REQUIRED WORK: Where the line containing "Estate Tanzanite and Diamond Ring" appears, start repeating, and continue exactly through the last line below, adding nothing. Include no pictures.

DATASET CONTENT:

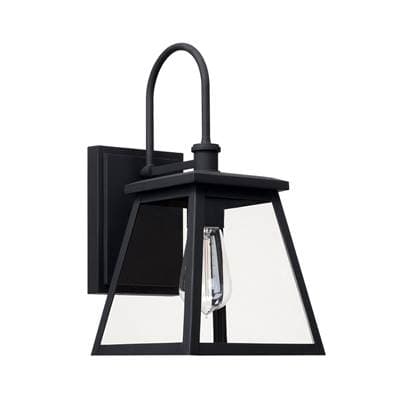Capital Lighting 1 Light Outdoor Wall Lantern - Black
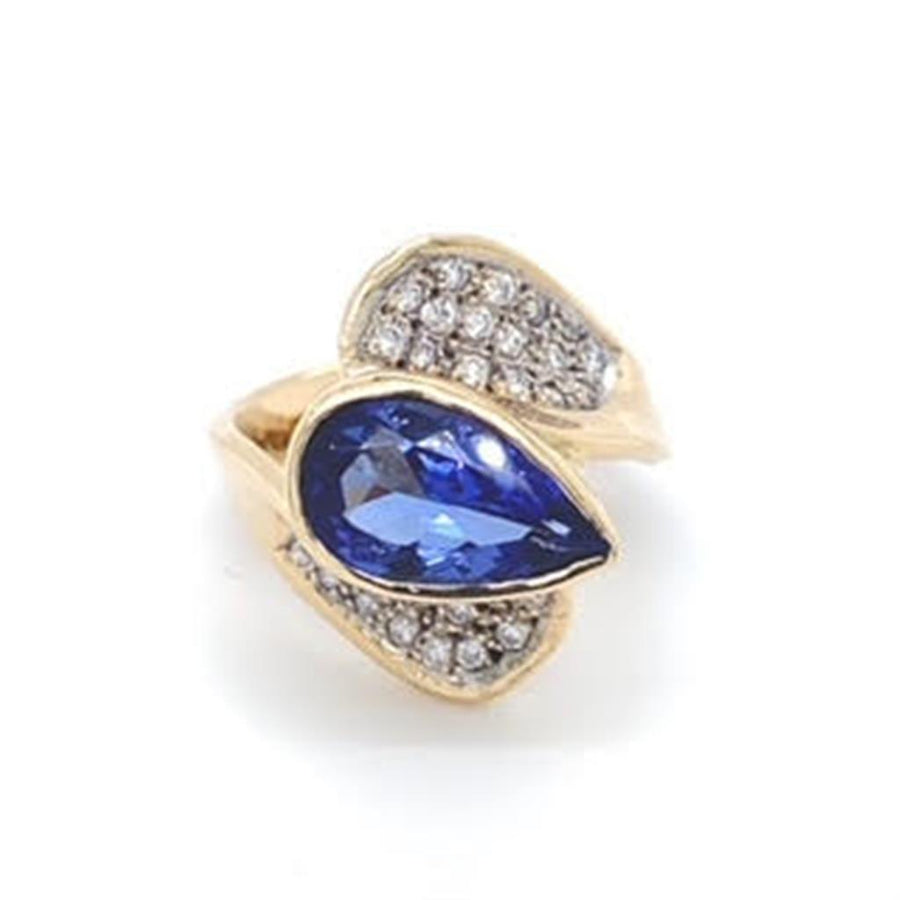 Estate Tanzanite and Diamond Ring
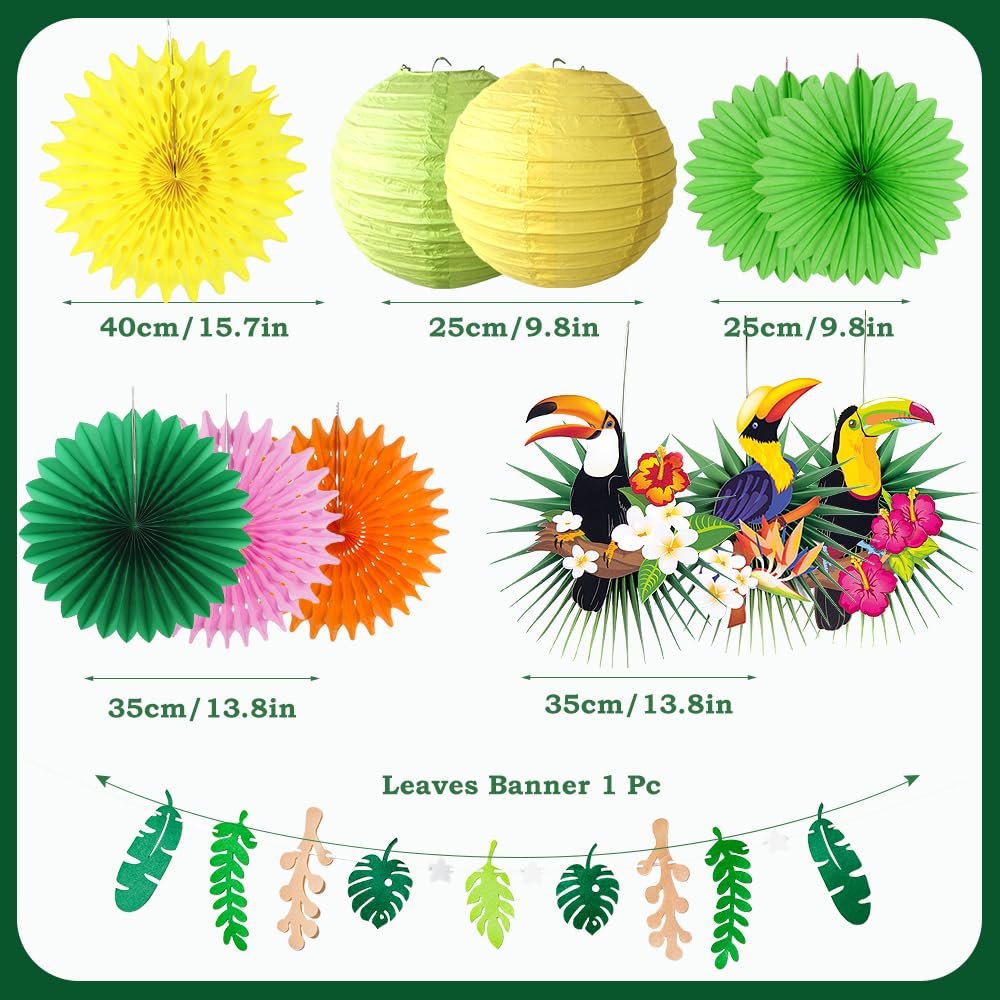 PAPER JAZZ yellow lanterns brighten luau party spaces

YOUR SOLUTION:
 Estate Tanzanite and Diamond Ring
 PAPER JAZZ yellow lanterns brighten luau party spaces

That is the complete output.